This PR adds graceful handling of m=text media lines (T.140 Real-Time Text, RFC 4103) in SDP processing. I know, that Janus does not implement RTT yet, at least its not merged, but i think m=text line in an incoming SDP offer should not cause the entire session to be rejected. Instead, Janus now recognizes the m=text type, accepts it at the SDP parsing level, and just disables it by setting port to zero - allowing call with compatible media (e.g., m=audio) to proceed normally.

Problem

Many SIP clients (e.g., PJSIP lib) include m=text in their SDP to advertise T.140 Real-Time Text support. When such an SDP reaches Janus, Janus currently treats m=text as an unknown media type, causing the SDP to be treated as invalid and returning a 488 Not Acceptable Here, even though the offer contains perfectly compatible audio/video streams.

Per RFC 3264 Section 6.1, unsupported media streams should be handled gracefully:

If the answerer has no media formats in common for a particular offered stream, the answerer MUST reject that media stream by setting the port to zero.

If there are no media formats in common for all streams, the entire offered session is rejected.

So, i think, Janus should reject only the unsupported m=text stream (with port 0), not the entire SDP session

Changes

1. Recognize m=text as a known media type

sdp-utils.h, sdp-utils.c
Added JANUS_SDP_TEXT to the janus_sdp_mtype enum and the corresponding parsing/serialization logic.
Previously, m=text was parsed as JANUS_SDP_OTHER, which triggered an error. Now it is recognized as a known (but unsupported) media type.

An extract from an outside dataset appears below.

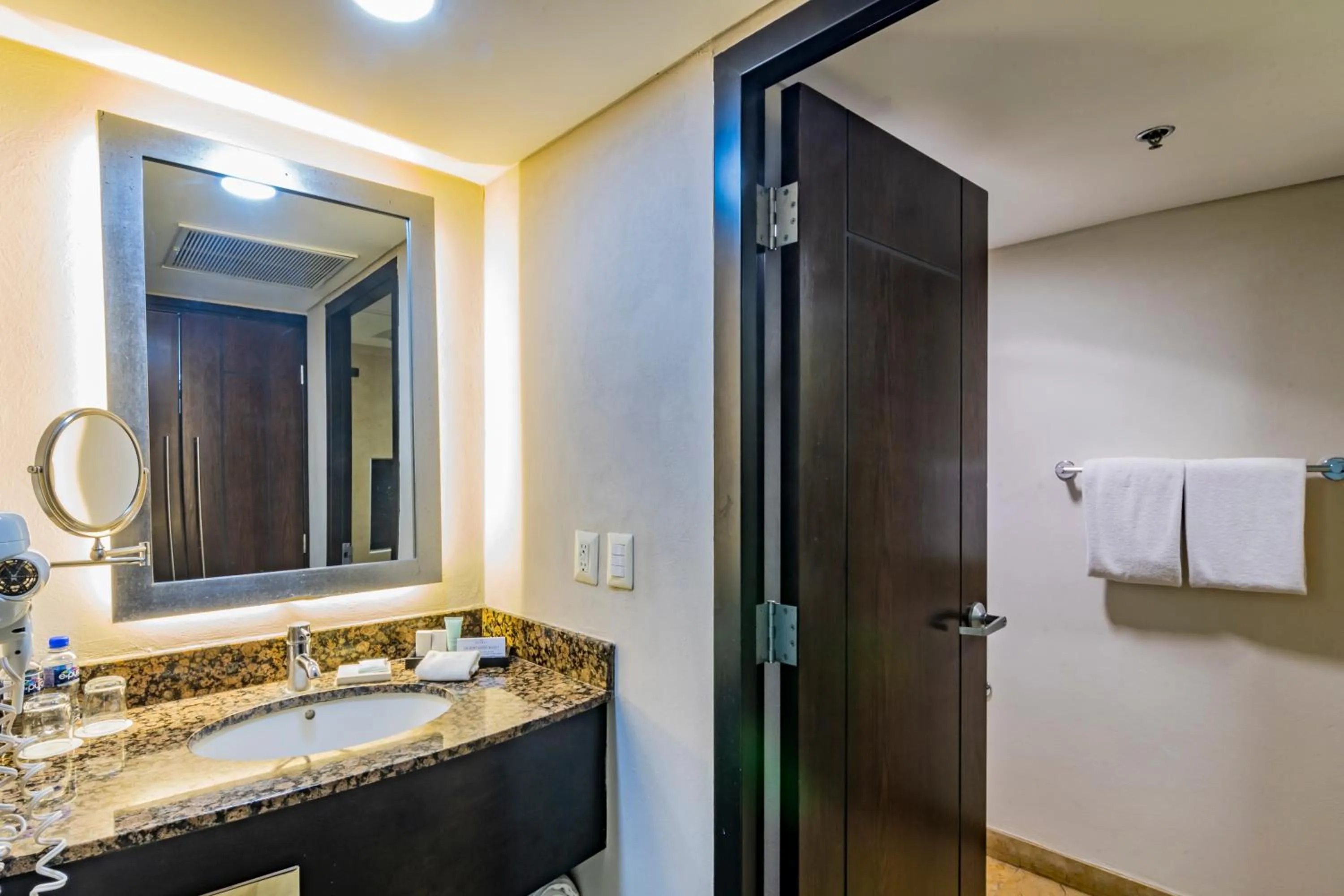 Hotel Lucerna Hermosillo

2. Remove connection address for rejected unsupported media

sdp.c
In janus_sdp_merge, the code path for unsupported media types already sets port=0 and direction=inactive. This PR additionally removes the connection address c= for such lines.

This is necessary because Janus uses BUNDLE (RFC 8843) for WebRTC, and rejected m-lines are not included in a=group:BUNDLE.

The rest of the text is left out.